All these defs need to be covered with AdditionalPredicates = [NotInMicroMips].

438–460

Align the EXTS_FM with ExtsCins and ASE_CNMIPS should be ASE_MIPS64_CNMIPS.

444

Align the EXTS_FM with ExtsCins. This definition also requires ASE_MIPS64_CNMIPS.

446–448

Align these lines to under the (outs). This definition requires ASE_MIPS64_CNMIPS.

675–677

Use ISA_MIPS64R2 rather than AdditionalPredicates. E.g. this should be:

def : MipsPat<(i64 (zext GPR32:$src)), (DEXT64_32 GPR32:$src, 0, 32)>, ISA_MIPS64R2;

The AdditionalPredicates should be NotInMicroMips.

678–681

This needs ASE_MIPS64_CNMIPS. The AdditionalPredicates should have NotInMicroMips. The two pattern definitions can be covered with the one "let AdditionalPredicates = [NotInMicroMips]" scope.

lib/Target/Mips/MipsISelLowering.cpp
947–949

You can fold Opc = MipsISD::CIns into it's usage here.

test/CodeGen/Mips/cins.ll
2

See my comments about dext.ll.

test/CodeGen/Mips/dext.ll
2

Change this runline to match the ones found under test/CodeGen/Mips/, that is the architecture, cpu and ABI are specified on the run line.

4–7

Drop all this after you've made the above change as it'll be irrelevant.

9

After you've re-written @dext_index1, you can drop this.

11–12

Can you move the CHECKs into the function near the IR that they are testing the codegen of? It makes it clearer to see what output is expected for a given input.

14

These types of lines can be removed as they're unnecessary for the purposes of this test.

15

local_unnamed_addr #0 can be removed as well.

15–30

Rewrite this so that it takes a i32 signext argument and returns a i64 zext result, the the body can just be

%res = zext i32 %n to i64
ret i64 %res
35–43

This test is redundant as the patterns it's likely to produce are covered by the case above.

138–139

Add whatever relevant attributes are required onto the runline instead of relying on function attributes and remove these attribute declarations.

141–147

All of this can be removed as it's irrelevant.

141–147

This is irrelevant and can be removed.

test/CodeGen/Mips/load-store-left-right.ll
12

This is inconsistent with the little endian test above. Also, there are no check lines for MIPS64R2-EB.

186–188

Add the MIPS64R2-EB variant.

487–489

MIPS64R2-EB produces a dext here, so test for that.

test/MC/Mips/sext_64_32.ll
14–15

Add a CHECK-LABEL: foo_2: before this.

This revision now requires changes to proceed.Mar 6 2017, 6:30 AM
violetav updated this revision to Diff 91179.Mar 9 2017, 9:02 AM
violetav edited edge metadata.

Addressed comments.
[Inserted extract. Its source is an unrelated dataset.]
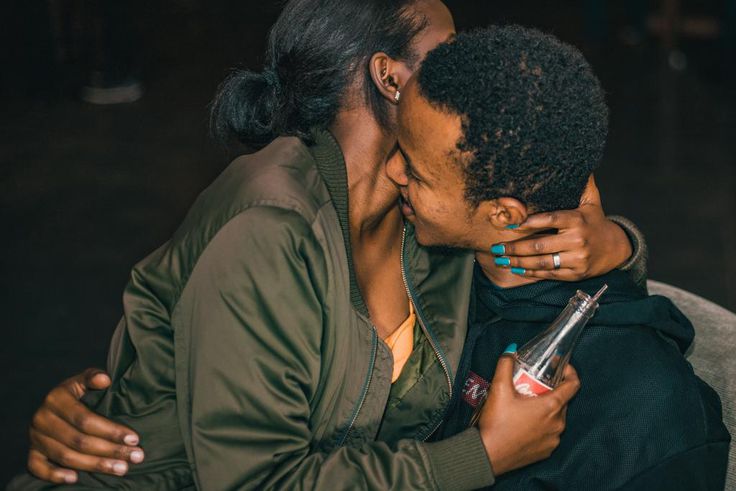 Un couple flirte / One Zone Studio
Thank you for the review.

violetav added inline comments.Mar 9 2017, 9:03 AM
test/CodeGen/Mips/dext.ll
15–30

There is already a test (dext_zext) with the same body that you are proposing, so I removed the dext_index test that produces the same pattern. As for the dext_index1 test, it produces a different pattern (I simplified the body and renamed the test 'dext_add_zext'). The difference is that in the first case, the 'zero_extend' node gets transformed to 'and' node which is then further combined to dext, and in the other case, the zero_extend node doesn't get transformed to 'and' and later DEXT64_32 gets selected.
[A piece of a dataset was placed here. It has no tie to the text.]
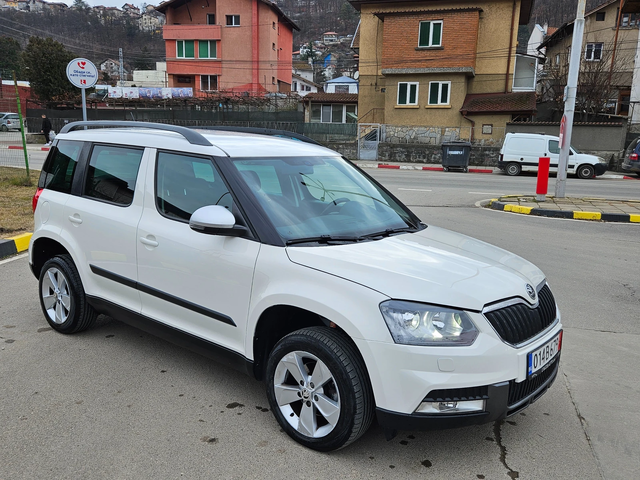Skoda Yeti 1.6 Tdi AVTOMAT/NAVIG/134 000km - автомобили, коли, обяви за нови и употребявани 6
sdardis accepted this revision.Mar 13 2017, 9:28 AM

Thanks, LGTM with inline nits addressed.

lib/Target/Mips/Mips64InstrInfo.td
438–459

Indent the contents of the "let AdditionalPredicates = [NotInMicroMips} in" by 2 spaces.

lib/Target/Mips/MipsInstrInfo.td
1176

Overly long line, reformat this to match the formatting of the line above.

This revision is now accepted and ready to land.Mar 13 2017, 9:28 AM
violetav updated this revision to Diff 91585.Mar 13 2017, 10:30 AM

Addressed comments.

violetav marked 2 inline comments as done.Mar 13 2017, 11:04 AM
violetav updated this revision to Diff 91751.Mar 14 2017, 11:05 AM

Rebased patch.

violetav updated this revision to Diff 91862.Mar 15 2017, 5:12 AM

Added missing CHECKs in load-store-left-right.ll test.

This revision was automatically updated to reflect the committed changes.